Les Actes nous donnent une parole directrice : « Dieu l'a exalté... pour qu'il soit un Prince et un Sauveur » (Actes 5 :31) - notez l'ordre ici ! Ensuite, en ce qui concerne la paternité et la filiation, Romains a beaucoup à dire sur la filiation, et Galates en est plein. Hébreux contient également beaucoup de choses, et ailleurs il y en a beaucoup.
Ainsi vous voyez que cette grande révélation en Christ est devenue une réalisation spirituelle chez les saints. La quadruple intervention de Dieu a été couronnée de succès. Dieu est entré dans l'histoire de ce monde à un moment donné dans Son Fils, de cette quadruple manière, et le résultat est visible dans les Épîtres et depuis. Nous sommes de ceux (et il y en a eu à chaque époque, et il y en a des multitudes en plus de nous à cette époque) qui avant tout reconnaissent et se glorifient du fait qu'Il est Souverain : « Réjouissez-vous, le Seigneur est Roi ». Nous nous réjouissons du fait qu’Il est notre Seigneur, notre Maître, notre Propriétaire, et nous nous glorifions d’être Ses esclaves volontaires. Nous n'avons aucune difficulté à parler de nous-mêmes comme des esclaves de Jésus-Christ, mais prions plutôt quotidiennement : « Seigneur, garde-nous aujourd'hui Tes esclaves !

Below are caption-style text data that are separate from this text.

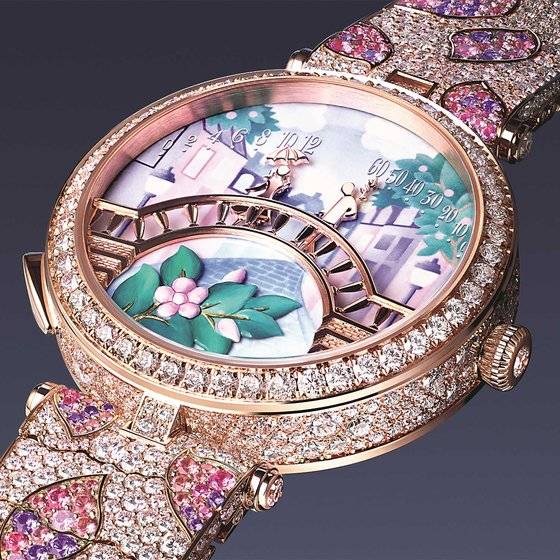 정오와 자정에 연인들이 만나도록 설계된 반클리프 아펠의 '사랑의 다리' 시계. 계절에 따라 네 가지 버전이 있다. 사진은 '봄'의 시계. [사진 반클리프 아펠]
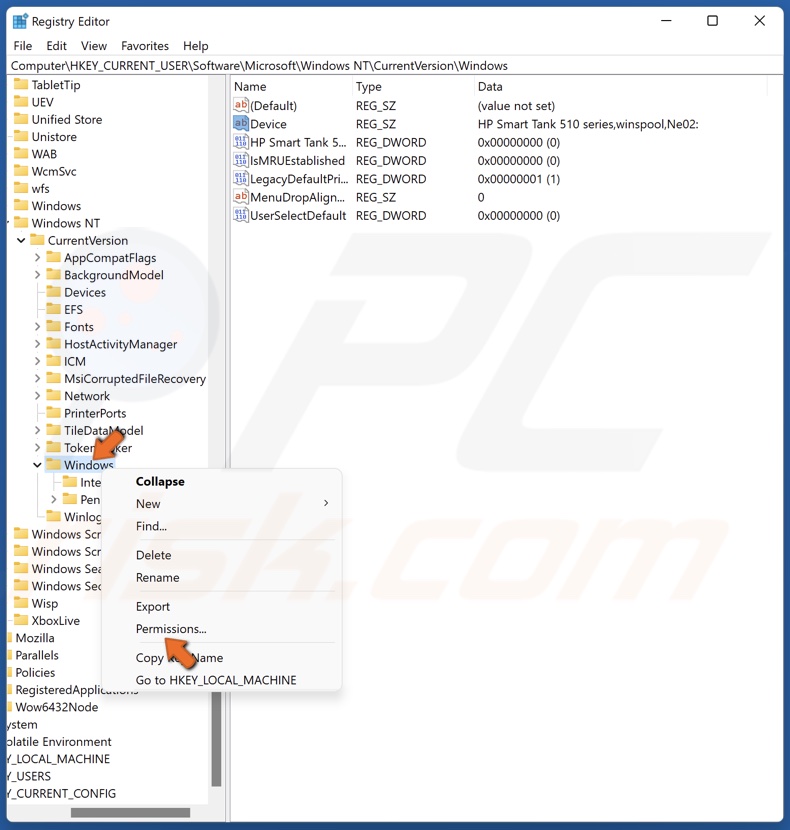 Right-click the Windows registry key and click Permissions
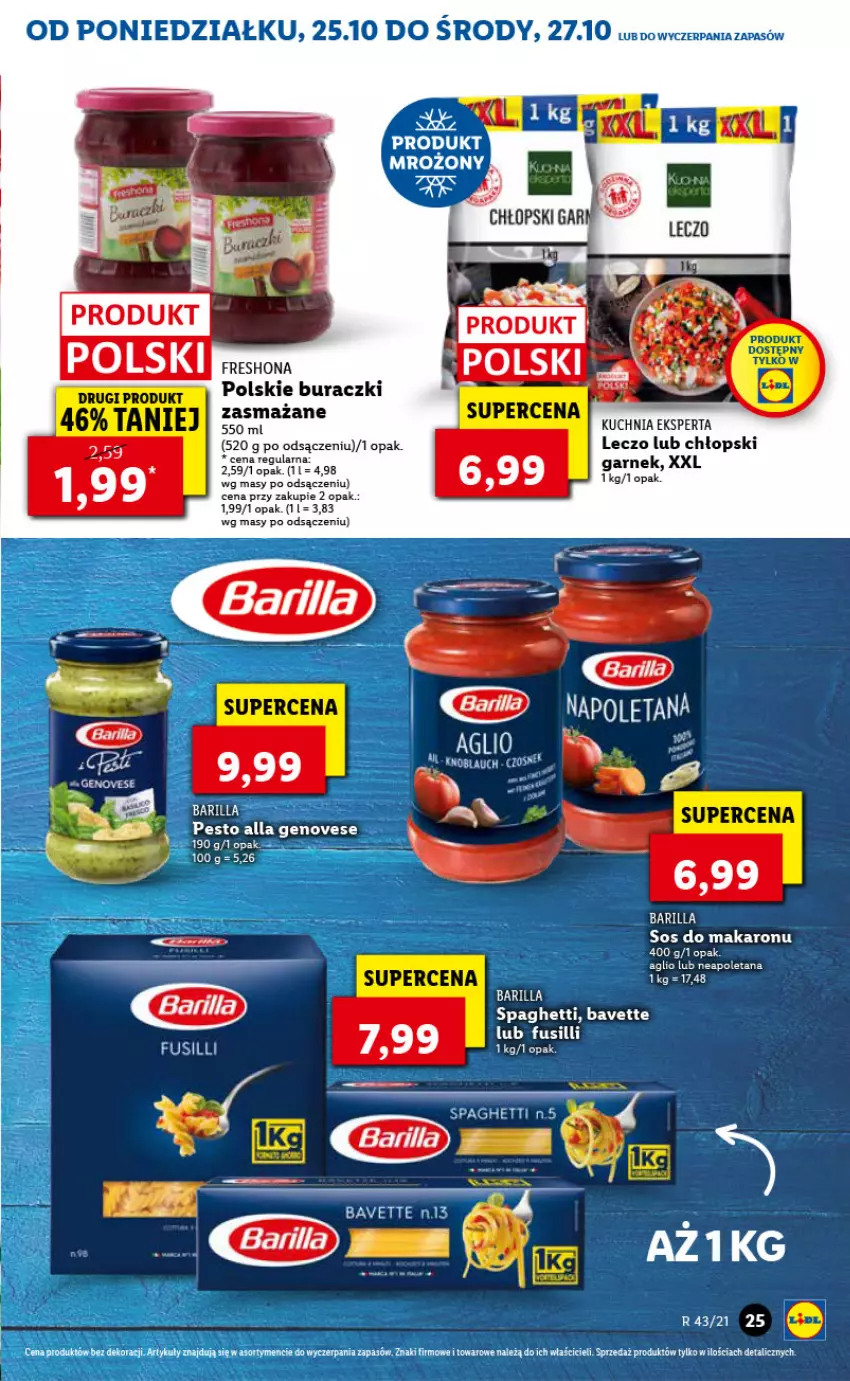Gazetka promocyjna Lidl - GAZETKA - ważna 25.10 do 27.10.2021 - strona 25 - produkty: Barilla, Buraczki, Fa, K2, Kuchnia, Makaron, Pesto, Spaghetti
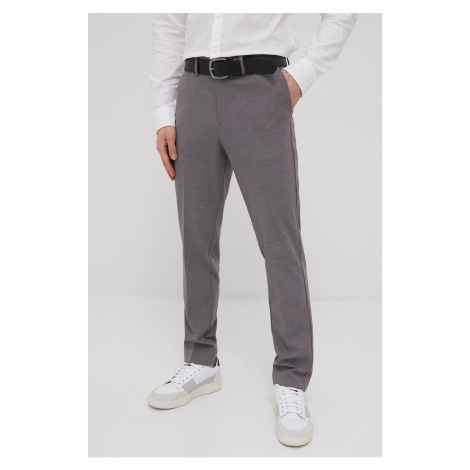 Kalhoty Premium by Jack&Jones pánské, šedá barva, přiléhavé Jack & Jones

Alors que pouvons-nous en dire assez sur le Sauveur ? Béni soit Dieu, nous nous réjouissons d'être « héritiers de Dieu et cohéritiers de Christ » (Romains 8 : 17).
Toute cette intervention divine, à tous points de vue, est devenue une réalité spirituelle, et il y a bien plus encore. Ce n'est que le début. Il y aurait beaucoup à dire sur la manière dont cela aboutira, mais nous n'irons pas plus loin pour le moment. Nous pouvons méditer dans nos cœurs sur le fait grandiose que Jésus-Christ est, dès maintenant, Souverain auprès du Père, et nous sommes unis à Lui en cela. Il y a beaucoup de choses qui semblent le contester, mais le fait est inchangé : Il est Souverain.
Ainsi, l'évangile de Matthieu, fidèle à la note clé d'où découle tout le mouvement de l'Évangile, revient à sa note clé de la fin : « Tout pouvoir m'a été donné dans le ciel et sur la terre. Allez donc... » Il est le Seigneur Souverain.